Die Grundversorgung soll weiter garantiert werden. Danach muss die Post flächendeckend an mindestens fünf Tagen in der Woche eingesammelt und ausgetragen werden. Die Mitgliedstaaten können dafür einheitliche Tarife vorschreiben und erhalten freie Hand, wie sie diese Grundversorgung finanzieren. Die einfachste Lösung besteht darin, den bisherigen Monopolisten damit zu beauftragen. Sie können aber auch andere Unternehmen dafür bezahlen, Dienstleistungen zu erbringen, die nicht lukrativ sind. Bewerben könnten sich nicht nur private Wettbewerber, sondern auch die großen Konkurrenten aus den anderen EU-Staaten. Mit anderen Worten: Die Deutsche Post könnte den Universaldienst in Frankreich übernehmen und umgekehrt. Ob die private Konkurrenz das bestehende Netz an Postfilialen und Briefkästen nutzen darf, bleibt ebenfalls den Mitgliedstaaten überlassen. In Zukunft könne es neben gelben dann auch grüne oder blaue Briefkästen in einem Land geben.
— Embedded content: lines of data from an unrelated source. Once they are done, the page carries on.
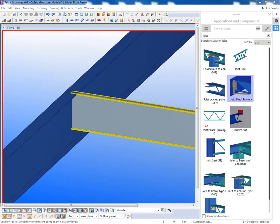Hello and welcome to this presentation. My name is Lee Snyder, the product manager for Trimble Solutions. And what I'll be showing is the new extension that's available for download on the Tekla Warehouse called the Joist Flush Frame.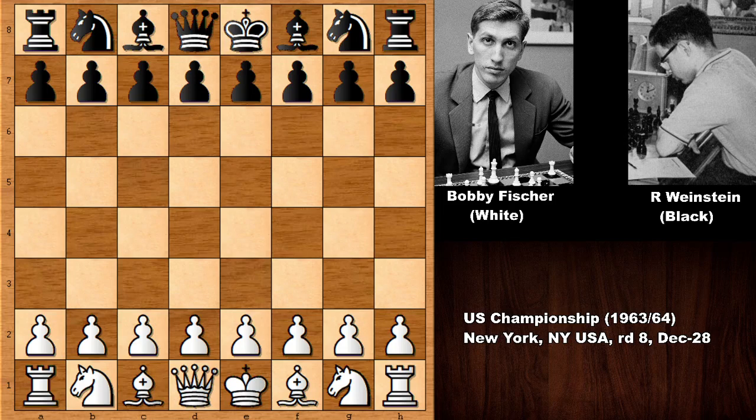Hello everyone and welcome back to another amazing chess game between Bobby Fischer and Raymond Weinstein. This chess game happened in the United States Chess Championship in 1963-1964.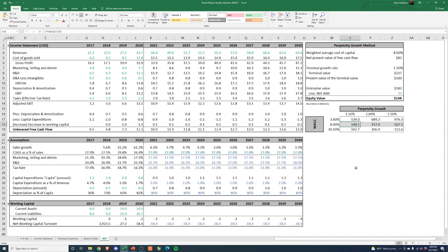People like to hide behind WACC and say it's academic and rigorous and feels scientific. But there are a lot of assumptions in there that can be changed to get you the WACC you want and to get your valuation where you need it. As a retail investor, I think the discount rate you should use is a hurdle rate for yourself.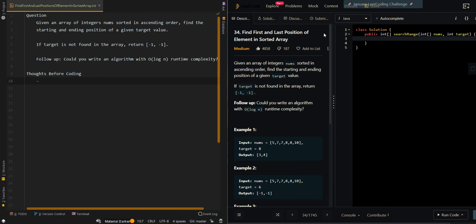In this video we'll be going over finding the first and last position of an element in a sorted array. Given an array of integers sorted in ascending order, find the starting and ending positions of a given target value. If the target is not found in the array, return [-1, -1]. In our first example, we have [5, 7, 7, 8, 8, 10] and our target is 8, so we return [3, 4].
Manche sehen darin eine Chance, andere eine Bedrohung. Kleinere Newcomer im Postgeschäft werde es nur geben, wenn sie die Infrastruktur der heutigen Monopolisten zu Beginn des Wettbewerbs mitnutzen könnten, sagen die Experten. Die Richtlinie der Kommission ist dafür keine Garantie. Sie überlässt die Regulierung der nationalen Postmärkte den Mitgliedstaaten. Sie können den heutigen Monopolisten auch in Zukunft erlauben, ihre Marktmacht gegen die Konkurrenz einzusetzen. Gegen Unternehmen vergleichbarer Größe wären die Regulierer allerdings machtlos. Ein Teil der europäischen Postgesellschaften setzt schon heute auf den Wettbewerb, allen voran die Deutsche Post. Gemeinsam mit seinen Kollegen aus Finnland, Schweden, Großbritannien und den Niederlanden stellte sich Post-Chef Klaus Zumwinkel vergangene Woche hinter den Vorschlag der Kommission. "Die Post steht im Wettbewerb mit der elektronischen Kommunikation. Sie muss sich an den Bedürfnissen ihrer Kunden orientieren. Und das wird uns nur in offenen Märkten gelingen." Die Postmanager in den genannten Ländern betreiben ihr Geschäft schon jetzt ganz oder teilweise im Wettbewerb. Sie nehmen damit die für 2009 geplante Öffnung der Postmärkte bereits vorweg. Man habe auch nichts gegen neue Wettbewerber, sagt Zumwinkel: "Es ist aber fair und vernünftig, dass der Wettbewerb in Europa auf Gegenseitigkeit beruht." Mit anderen Worten: Deutsche, Holländer und Skandinavier wollen ihre guten Postdienste auch in den südlichen Gefilden Europas anbieten dürfen.
Damit ist der Streit im Europäischen Parlament und im Ministerrat programmiert. Denn im Süden der EU betrachtet man die Beförderung von Briefen nicht als Geschäft, sondern als "kulturelle Errungenschaft". Der Wettbewerb, fürchten vor allem die 300.000 französischen Postler, von denen zwei Drittel Beamte sind, werde einer flächendeckenden Versorgung die finanzielle Grundlage entziehen. Die Bundesregierung hat die europaweite Abschaffung des Postmonopols jedenfalls schon jetzt ganz oben auf die Tagesordnung ihrer Präsidentschaft gesetzt.